2001-04-19 00:04:06

by kambo

[permalink] [raw]
Subject: CONFIG_PACKET_MMAP help

Hi,

I upgrading an application to the CONFIG_PACKET_MMAP
interface, and was trying to figure out how the api works. I 'RTFS'
But had a few questions:

1. for tp_frame_size, I dont want to truncate any data on ethernet, I
need 1514 bytes, is this the best way to do it and not waste space?

static const int TURBO_FRAME_SIZE=TPACKET_ALIGN(TPACKET_ALIGN(sizeof(tpacket_hdr))+TPACKET_ALIGN(sizeof(struct sockaddr_ll)+ETH_HLEN) + 1500);

2. what is tp_block_nr for?
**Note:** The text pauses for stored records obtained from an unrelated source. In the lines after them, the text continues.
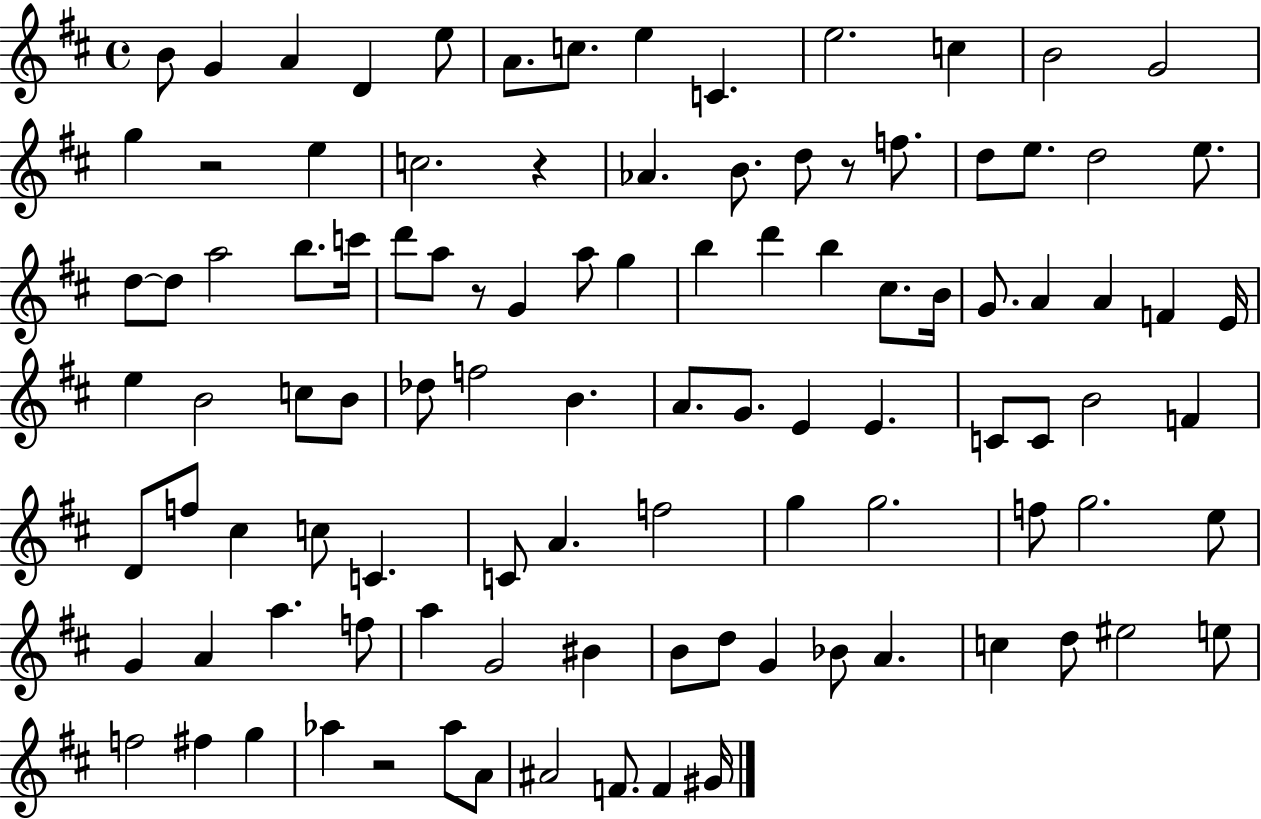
{
  \clef treble
  \time 4/4
  \defaultTimeSignature
  \key d \major
  b'8 g'4 a'4 d'4 e''8 | a'8. c''8. e''4 c'4. | e''2. c''4 | b'2 g'2 | \break g''4 r2 e''4 | c''2. r4 | aes'4. b'8. d''8 r8 f''8. | d''8 e''8. d''2 e''8. | \break d''8~~ d''8 a''2 b''8. c'''16 | d'''8 a''8 r8 g'4 a''8 g''4 | b''4 d'''4 b''4 cis''8. b'16 | g'8. a'4 a'4 f'4 e'16 | \break e''4 b'2 c''8 b'8 | des''8 f''2 b'4. | a'8. g'8. e'4 e'4. | c'8 c'8 b'2 f'4 | \break d'8 f''8 cis''4 c''8 c'4. | c'8 a'4. f''2 | g''4 g''2. | f''8 g''2. e''8 | \break g'4 a'4 a''4. f''8 | a''4 g'2 bis'4 | b'8 d''8 g'4 bes'8 a'4. | c''4 d''8 eis''2 e''8 | \break f''2 fis''4 g''4 | aes''4 r2 aes''8 a'8 | ais'2 f'8. f'4 gis'16 | \bar "|."
}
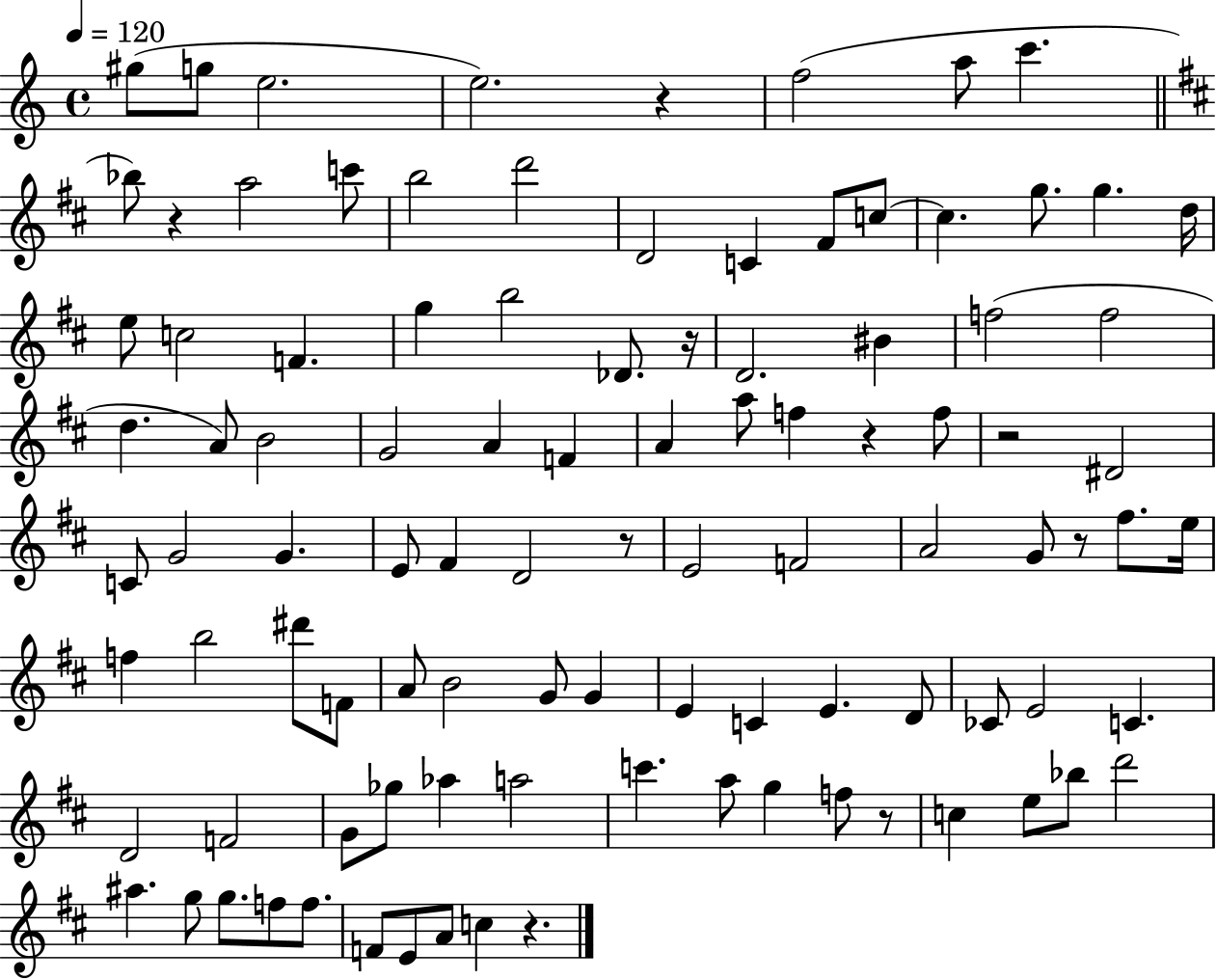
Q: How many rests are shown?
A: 9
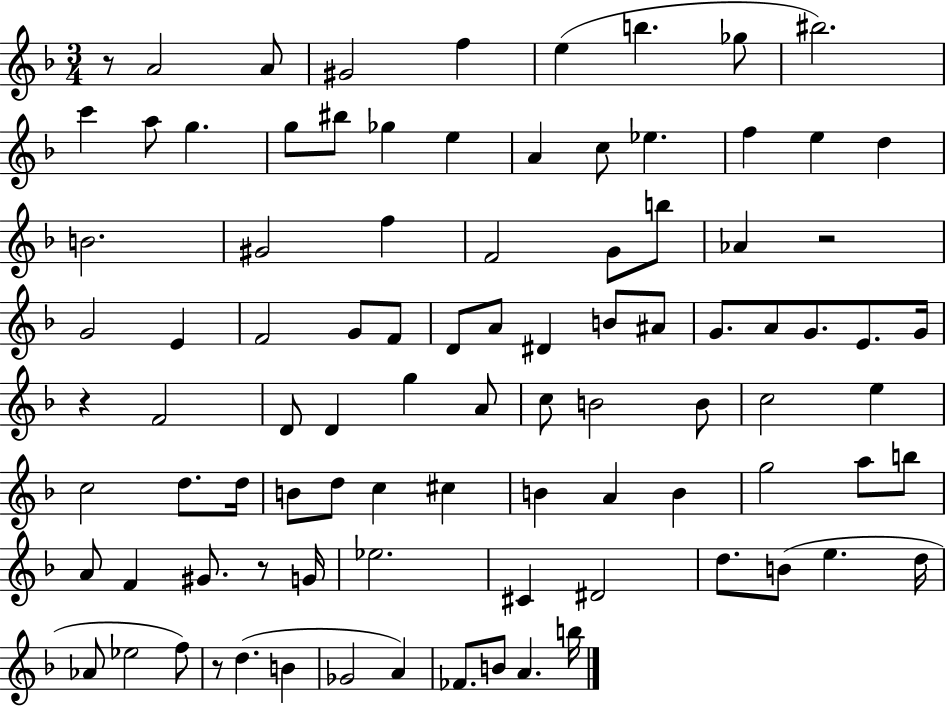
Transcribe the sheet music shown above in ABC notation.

X:1
T:Untitled
M:3/4
L:1/4
K:F
z/2 A2 A/2 ^G2 f e b _g/2 ^b2 c' a/2 g g/2 ^b/2 _g e A c/2 _e f e d B2 ^G2 f F2 G/2 b/2 _A z2 G2 E F2 G/2 F/2 D/2 A/2 ^D B/2 ^A/2 G/2 A/2 G/2 E/2 G/4 z F2 D/2 D g A/2 c/2 B2 B/2 c2 e c2 d/2 d/4 B/2 d/2 c ^c B A B g2 a/2 b/2 A/2 F ^G/2 z/2 G/4 _e2 ^C ^D2 d/2 B/2 e d/4 _A/2 _e2 f/2 z/2 d B _G2 A _F/2 B/2 A b/4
I dont understand it, I just set it to 1
and make tp_block_size big enough for all the frames I need, so its
just one contiguous space, all I need is about a megabyte I think.

3. is this the general approach for the api?

open socket
set ring size
mmap()

h starts at frame[0] of the mmaped area
while(1) {
if (tp->status == 0) poll() for pollin on the socket /* is there a
race here? */
parse/copy out what I want from h + h->tp_mac
set tp->status to 0 when I am done
h = next packet in ring, or wraps
}

4. what does the copy threshold setsockopt tuning accomplish? doesnt it always
have to copy anyway, to the mmaped area?

Thanks,
c.c. me por favor...

K. Lohan
------------------------
kambo at home dawt com



2001-04-19 20:38:49

by Edgar Toernig

[permalink] [raw]
Subject: Re: CONFIG_PACKET_MMAP help

Hi,

[email protected] wrote:
>
> 1. for tp_frame_size, I dont want to truncate any data on ethernet, I
> need 1514 bytes, is this the best way to do it and not waste space?
>
> static const int TURBO_FRAME_SIZE=
> TPACKET_ALIGN(TPACKET_ALIGN(sizeof(tpacket_hdr)) +
> TPACKET_ALIGN(sizeof(struct sockaddr_ll)+ETH_HLEN) + 1500);

Looks OK. Maybe instead of ETH_HLEN min(ETH_HLEN,16)? The framesize
calculation is really strange...

> 2. what is tp_block_nr for? I dont understand it, I just set it to 1
> and make tp_block_size big enough for all the frames I need, so its
> just one contiguous space, all I need is about a megabyte I think.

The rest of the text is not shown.